__RECORDS TO USE__.

□ □ □

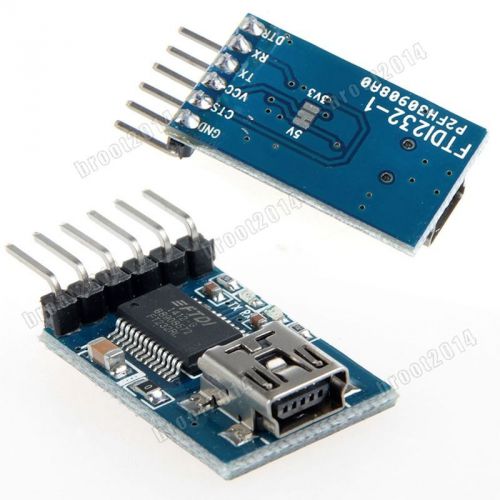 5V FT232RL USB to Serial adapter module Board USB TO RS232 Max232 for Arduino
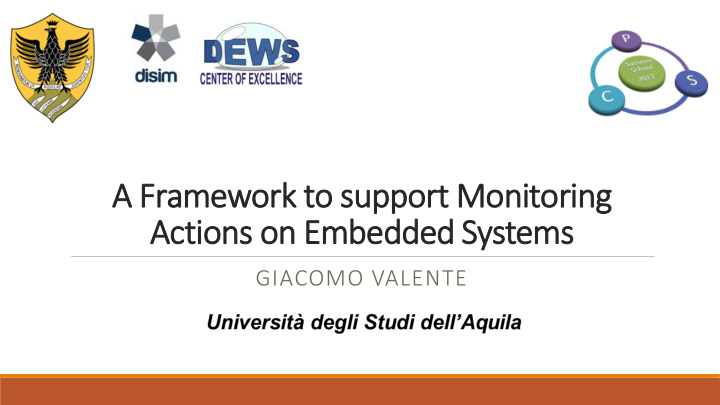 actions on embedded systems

□ □ □

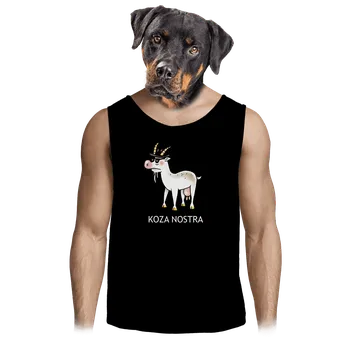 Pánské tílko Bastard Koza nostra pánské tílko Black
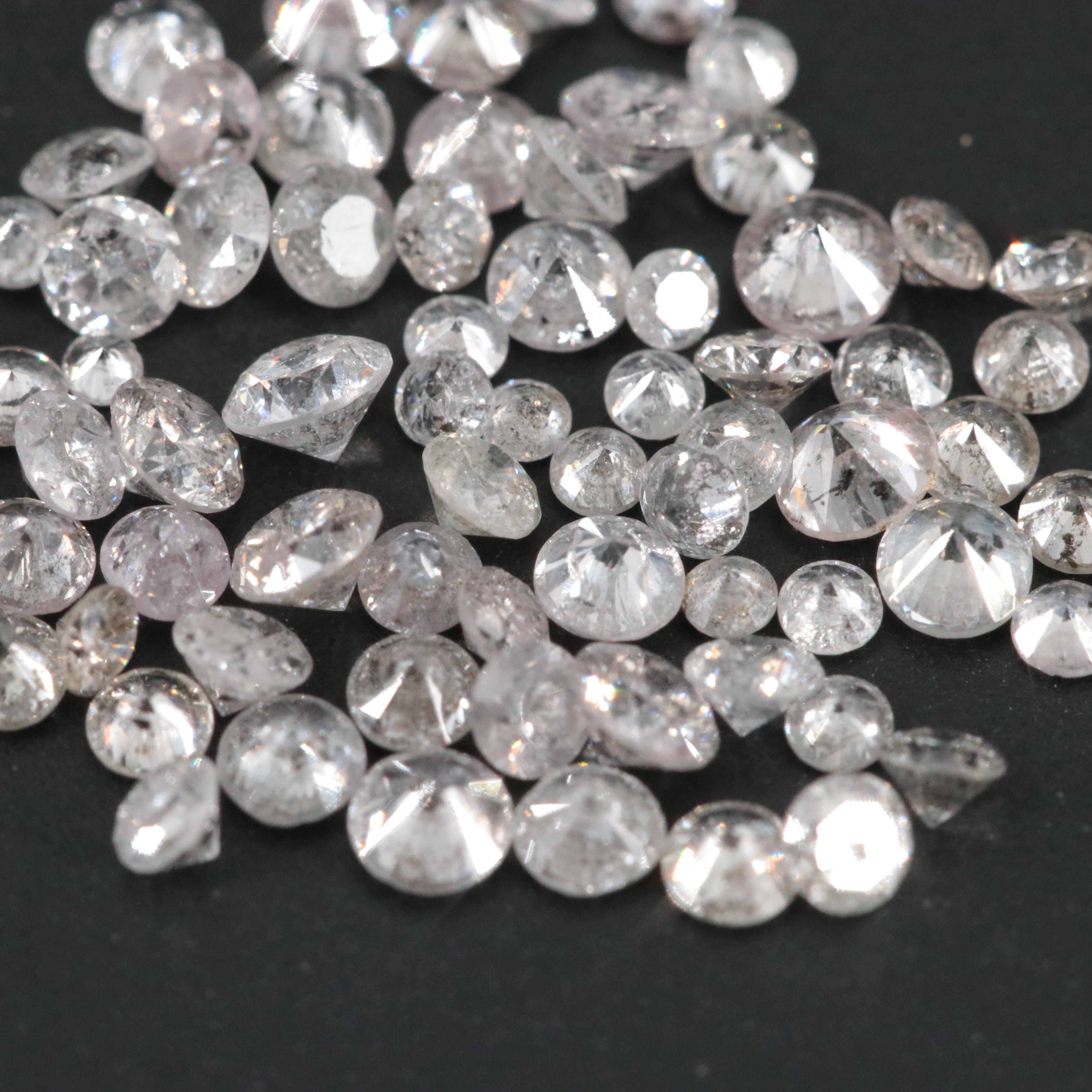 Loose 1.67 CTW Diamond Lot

□ □ □

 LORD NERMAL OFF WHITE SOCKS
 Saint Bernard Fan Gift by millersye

□ □ □

__HOW TO COMPLETE THIS TASK__.
Transcribe exactly the lines above, beginning at the one with "5V FT232RL USB" and going up to and including the one with "actions on embedded systems". Pictures do not belong in the copy.

__RESPONSE BELOW__.
 5V FT232RL USB to Serial adapter module Board USB TO RS232 Max232 for Arduino
 actions on embedded systems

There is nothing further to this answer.